1890 novel by E. W. Hornung

A Bride from the Bush is the first novel written by E. W. Hornung. He started writing the book while working as a tutor for Charles Joseph Parsons in Mossgiel Station, New South Wales, Australia. The novel was initially published by Smith, Elder & Co. as a serial in the Cornhill Magazine, and then published in book format by the same company in October 1890. As with Tiny Luttrell and The Unbidden Guest, two of Hornung's other early novels, A Bride from the Bush points out flaws in British society by presenting the country through an Australian perspective. A reviewer from The New York Times called the novel "a most piquant contrast between civilization and crudity". The writer Thomas Alexander Browne called the titular character of A Bride from the Bush "a libel to Australian womankind". A Punch editor made the opposite claim, arguing that the protagonist of the novel is more kind-hearted and attractive than actual Australians.

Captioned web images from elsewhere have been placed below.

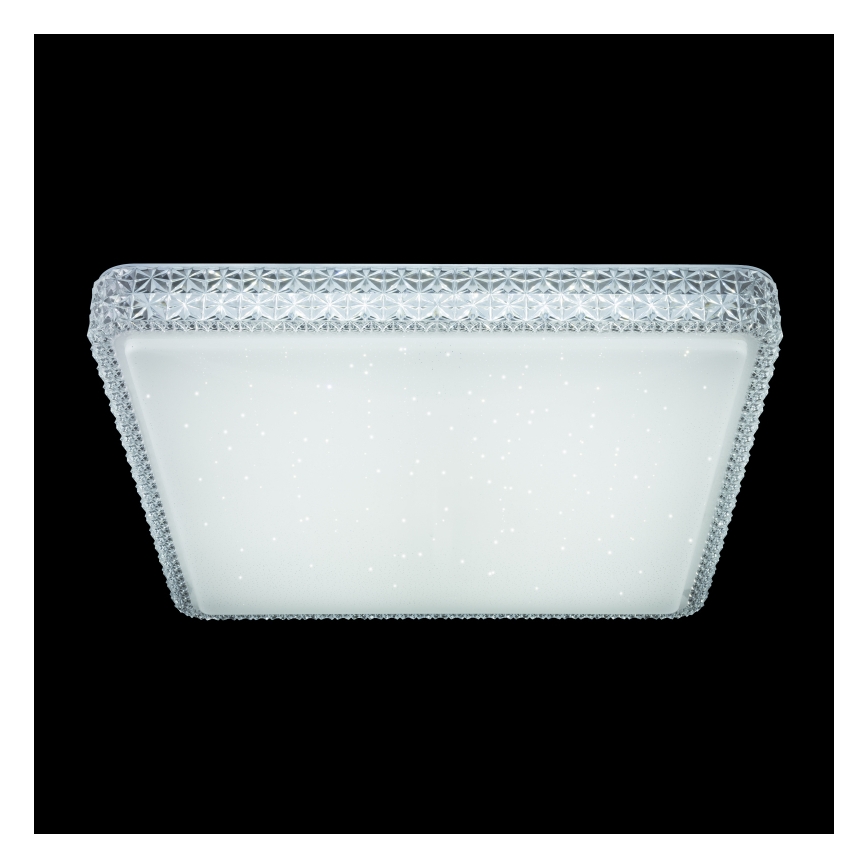 Globo - Dimbare LED Plafond lamp LED/48W/230V + afstandsbediening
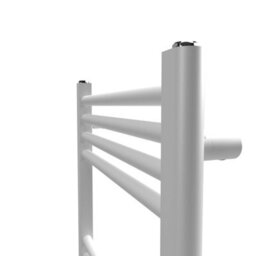 Lux Heat White Ladder Towel Radiator 1000mm (H) X 600mm (W) - thumbnail 5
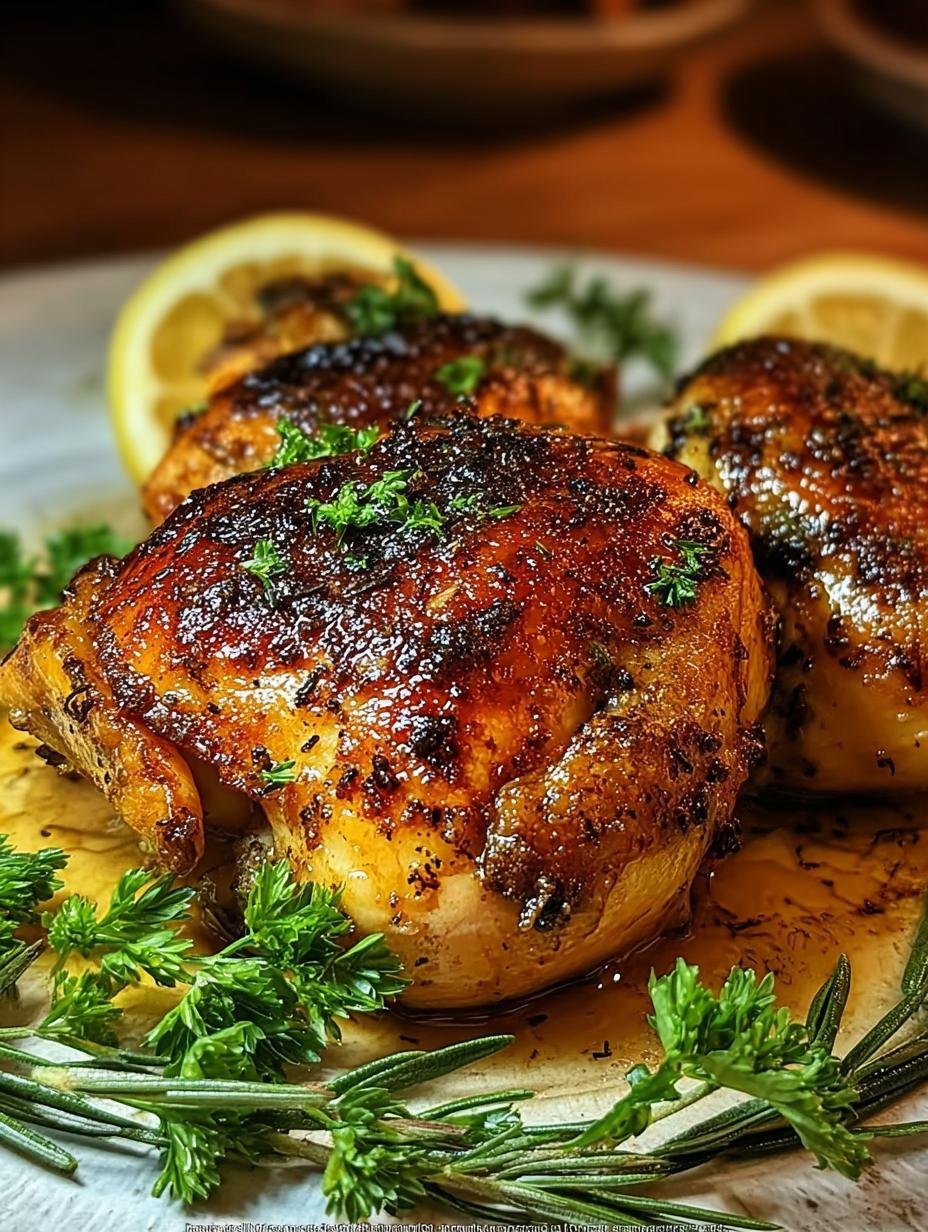 Lemon Paprika Roast Chicken: 15 Min Prep - Lemon Paprika Roast Chicken - main visual representation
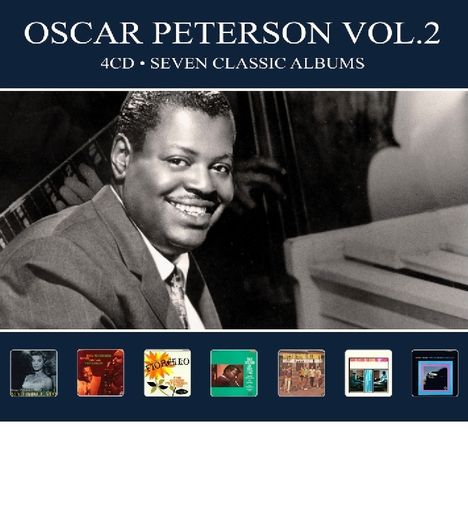 Oscar Peterson (1925-2007): Seven Classic Albums Vol.2, 4 CDs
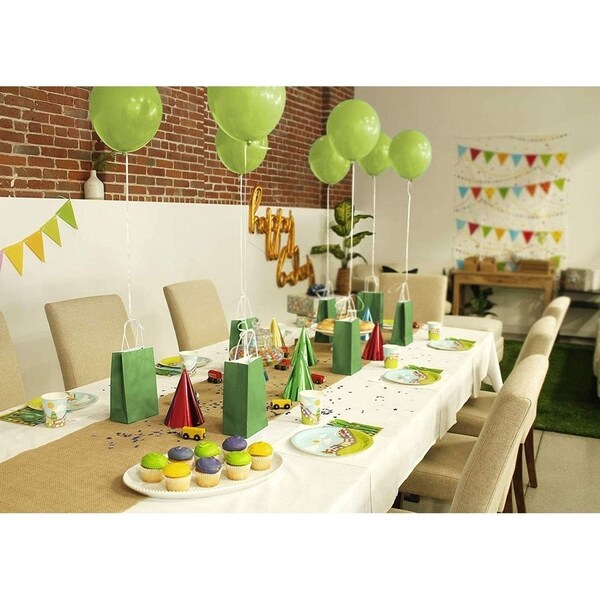 All Aboard Choo Choo Trains Party Supplies - Plate, Cutlery , Cup and Napkin Set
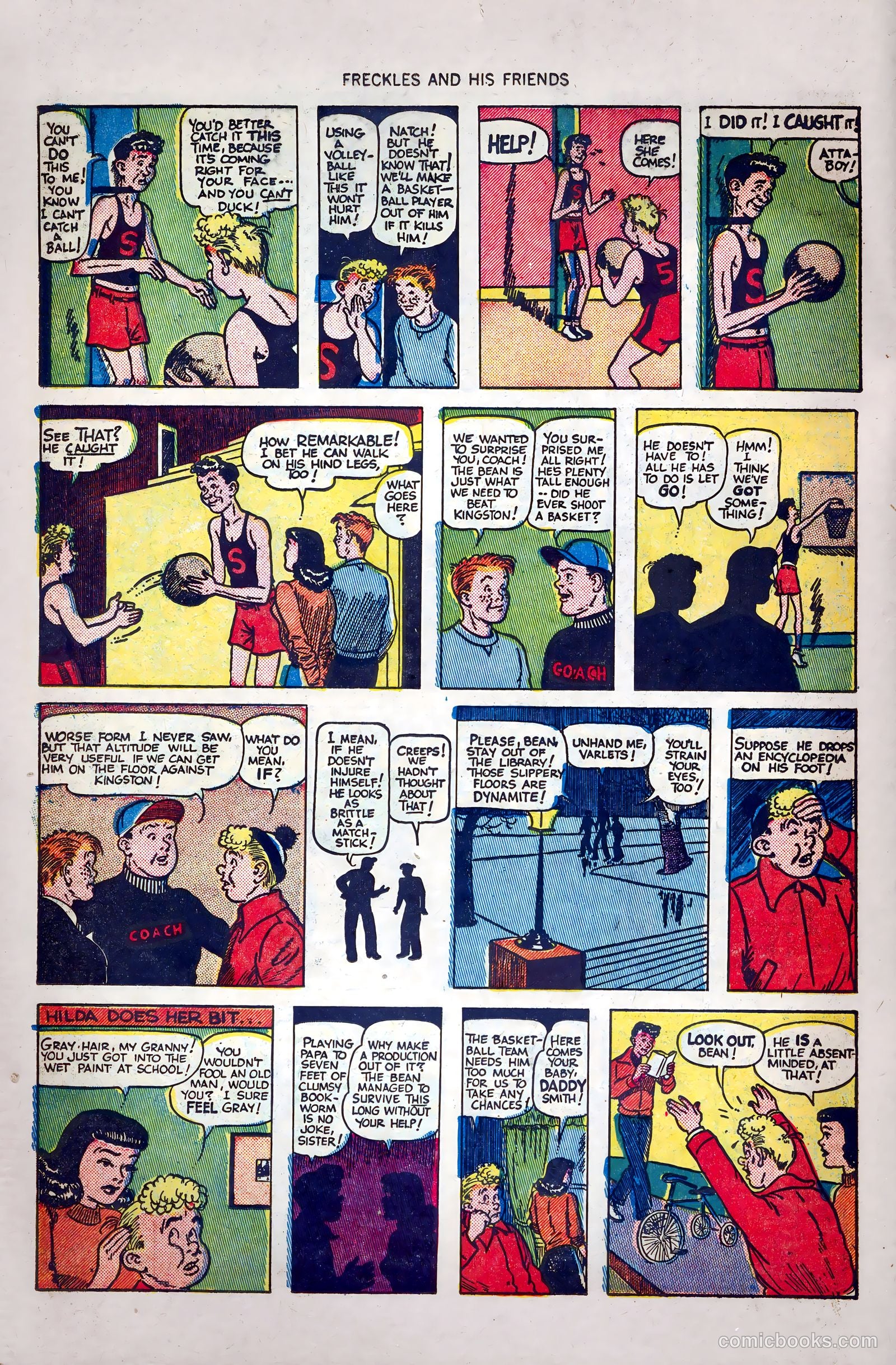Freckles and His Friends #11 (1949) — page 26 of 36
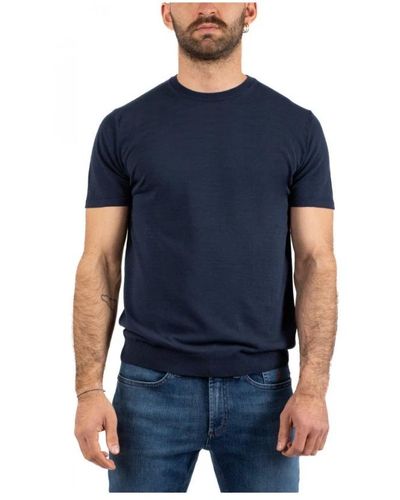 Daniele Fiesoli T-Shirts - Blue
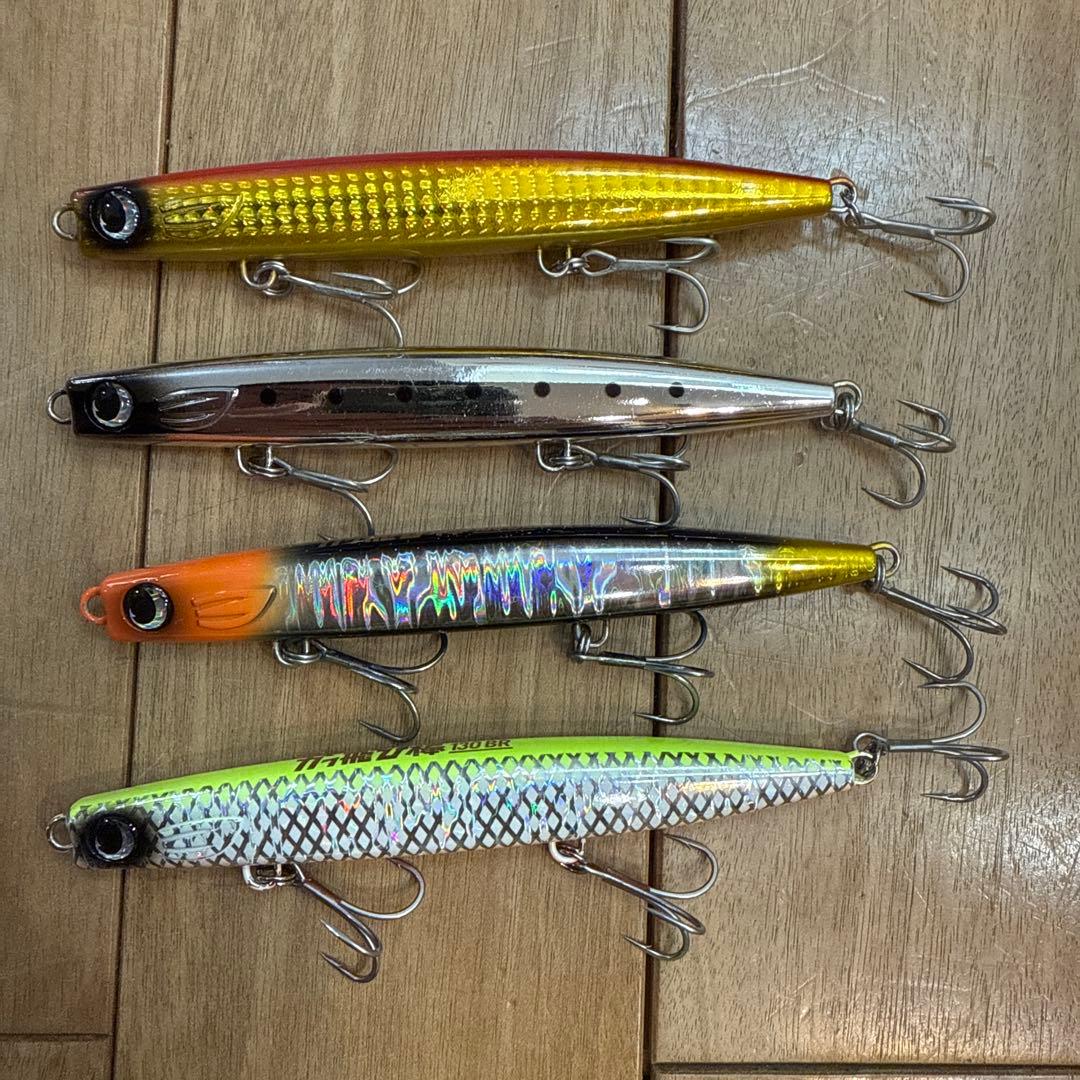 140347　ジャンプライズ　かっ飛び棒130BR 4本セット JUMPRIZE（ジャンプライズ） かっ飛び棒 130BR 全13色 : 金太郎釣具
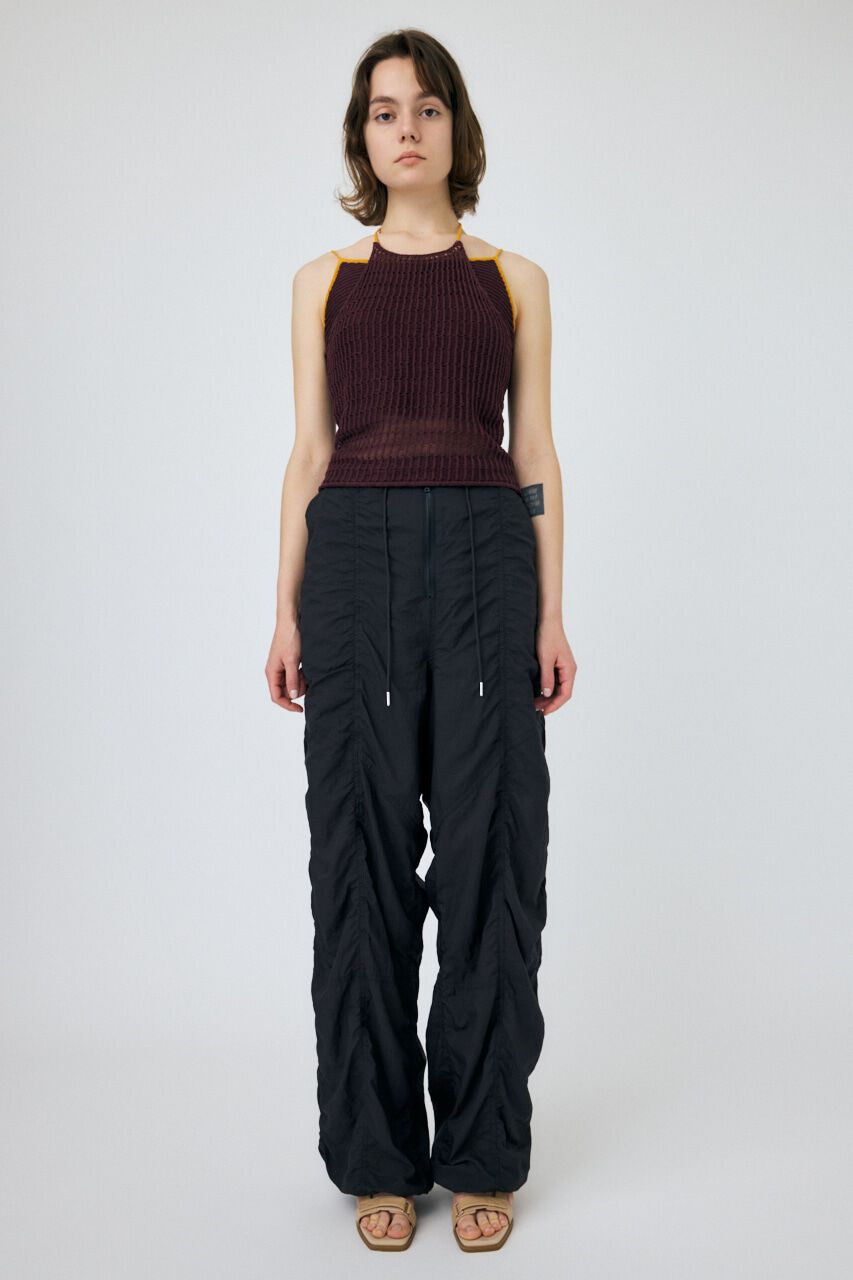 MOUSSY「MESH KNIT キャミソール」|キャミソール|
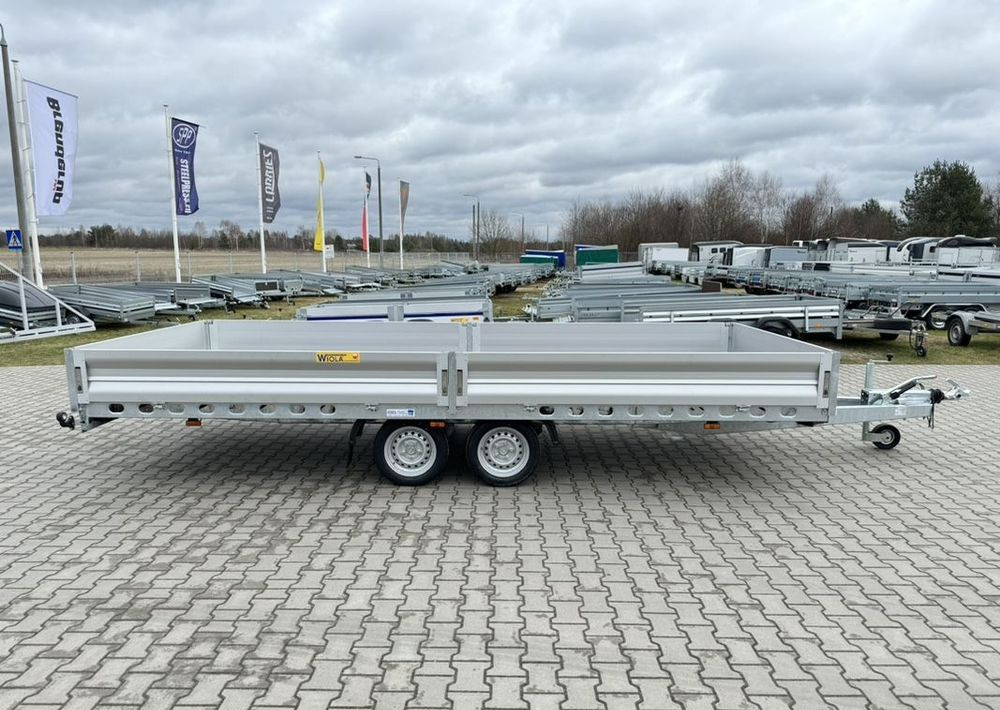 Wiola Multitrailer 3.5S | 500 x 210 cm | najazdy aluminiowe | burty aluminiowe - Plato/ Tovorna prikolica: slika 4 Wiola Multitrailer 3.5S | 500 x 210 cm | najazdy aluminiowe | burty aluminiowe - Plato/ Tovorna prikolica: slika 4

Hornung's later stories in the A. J. Raffles series achieved much more popularity than A Bride from the Bush. Nonetheless, he himself liked A Bride from the Bush and his other Australian stories better than those of Raffles. When he published the novel Peccavi in 1900, a critic from The Advertiser wrote a scathing review, writing that Hornung should go back to Australia so he would be inspired to write something as good as A Bride from the Bush again. Upon Hornung's death, a tribute in The Freeman's Journal called A Bride from the Bush "the best and the best known" of Hornung's Australia-related stories. In 1924 André Cœuroy and Theodore Baker argued in The Musical Quarterly that Hornung's characterisation of the novel's hero as being pitiable for being unable to appreciate anthems demonstrates that A Bride from the Bush is typical of other novels of the time in favouring vocal church music.